The Hearsay Rule Matters In Calif. PUC Proceedings

by Nossaman LLP

Originally Published on Law360.

On Feb. 5, 2014, the California Court of Appeal for the First District issued its decision in The Utility Reform Network v. Public Utilities Commission (TURN v. PUC), in which the court established a clear rule that hearsay evidence, the truth of which is disputed, cannot support a finding of fact by the California Public Utilities Commission. The case concerned an application by Pacific Gas and Electric Company seeking commission approval to acquire a new 586 megawatt gas-fired power plant in Oakley, Calif.

Details of the Case

To support its application, PG&E was required by the assigned commissioner's scoping memorandum to show that the Oakley project was needed "to meet a specific, unique reliability issue." PG&E submitted evidence from the California Independent System Operator in the form of a declaration and a petition filed with a federal agency.

However, PG&E did not present testimony from anyone at CAISO and, therefore, its evidence from CAISO was hearsay. Nonetheless, the commission ruled that there was substantial evidence to support a finding of need for the Oakley project in Decision 12-12-035, and denied rehearing by Decision 13-04-032.

Although the procedural and factual background of the case is complex, the issue before the court boiled down to one key question: whether PG&E's hearsay evidence was sufficient to support the commission's finding that there was a need for the Oakley project. The court answered this question in the negative:

[T]he commission's finding of need is unsupported by substantial evidence, because it relies on uncorroborated hearsay materials the truth of which is disputed and which do not come within any exception to the hearsay rule. Under established California law, such uncorroborated hearsay evidence does not constitute substantial evidence to support an administrative agency's finding of fact. Because the remaining evidence in the record fails to support the commission's finding of need, the decisions must be annulled.

(TURN v. PUC (2014), 223 Cal. App.4th 945, 949.)

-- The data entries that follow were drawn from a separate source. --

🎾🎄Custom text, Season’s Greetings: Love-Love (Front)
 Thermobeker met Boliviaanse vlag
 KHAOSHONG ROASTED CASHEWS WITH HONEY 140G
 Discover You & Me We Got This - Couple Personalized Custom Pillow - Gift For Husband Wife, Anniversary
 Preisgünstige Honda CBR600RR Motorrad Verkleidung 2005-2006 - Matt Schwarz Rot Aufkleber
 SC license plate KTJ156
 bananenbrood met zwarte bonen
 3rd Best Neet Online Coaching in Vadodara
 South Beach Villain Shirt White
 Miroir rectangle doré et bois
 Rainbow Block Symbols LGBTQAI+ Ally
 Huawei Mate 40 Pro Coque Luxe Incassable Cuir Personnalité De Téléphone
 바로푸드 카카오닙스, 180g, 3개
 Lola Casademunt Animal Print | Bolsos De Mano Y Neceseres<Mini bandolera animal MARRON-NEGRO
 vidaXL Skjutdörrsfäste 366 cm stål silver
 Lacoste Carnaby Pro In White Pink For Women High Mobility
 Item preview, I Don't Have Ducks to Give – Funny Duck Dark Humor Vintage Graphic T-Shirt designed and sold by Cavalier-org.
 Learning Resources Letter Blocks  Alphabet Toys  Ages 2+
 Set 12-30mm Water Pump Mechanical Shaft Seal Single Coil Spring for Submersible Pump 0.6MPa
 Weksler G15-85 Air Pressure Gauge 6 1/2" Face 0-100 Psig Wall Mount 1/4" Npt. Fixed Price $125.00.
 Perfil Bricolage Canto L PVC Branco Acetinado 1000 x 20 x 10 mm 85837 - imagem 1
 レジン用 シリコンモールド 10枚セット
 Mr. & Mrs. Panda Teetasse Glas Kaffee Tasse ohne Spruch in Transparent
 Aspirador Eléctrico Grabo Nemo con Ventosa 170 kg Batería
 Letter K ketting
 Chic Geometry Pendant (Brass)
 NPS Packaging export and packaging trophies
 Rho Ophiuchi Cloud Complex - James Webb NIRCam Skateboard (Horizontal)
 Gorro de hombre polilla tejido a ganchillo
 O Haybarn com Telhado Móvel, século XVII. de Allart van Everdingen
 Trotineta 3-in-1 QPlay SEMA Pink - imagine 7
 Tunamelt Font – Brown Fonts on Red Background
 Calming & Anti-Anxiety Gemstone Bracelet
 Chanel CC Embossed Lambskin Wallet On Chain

The court examined the standards governing the admission and weight of hearsay evidence in commission proceedings to determine whether it was proper for the commission to have based its finding of fact solely on hearsay evidence. The commission's procedures provide that hearsay evidence is admissible in its proceedings. (Rule 13.6(a).)

The court did not challenge this procedure, but noted that admissibility is not the same thing as substantiality (citing Gregory v. State Board of Control (1999), 73 Cal.App.4th 584, 597). The court pointed to several commission decisions that have addressed the weight that may be placed on hearsay evidence and that have held that hearsay evidence may be relied upon if substantiated by other credible evidence.

Based on these decisions, the court held that the commission has followed the "residuum rule," a rule applied by California courts to reviews of administrative agency decisions, whereby the "substantial evidence supporting an agency's decision must consist of at least ‘a residuum of legally admissible evidence'." (TURN, 223 Cal.App.4th at 960-61.)

The court thus concluded that under California law as well as the commission's prior decisions, "uncorroborated hearsay cannot constitute substantial evidence to support an agency's decision," absent specific statutory authorization not present here. (Id. at 962.)

In applying that rule to the case at hand, the court concluded that regardless of the "reliability" of the CAISO hearsay evidence, that evidence could not support a finding of fact without corroboration. The court found other evidentiary material inadequate to corroborate PG&E's hearsay evidence, and that such uncorroborated but disputed hearsay was insufficient to support a commission finding of fact. (Id. at 963-66.)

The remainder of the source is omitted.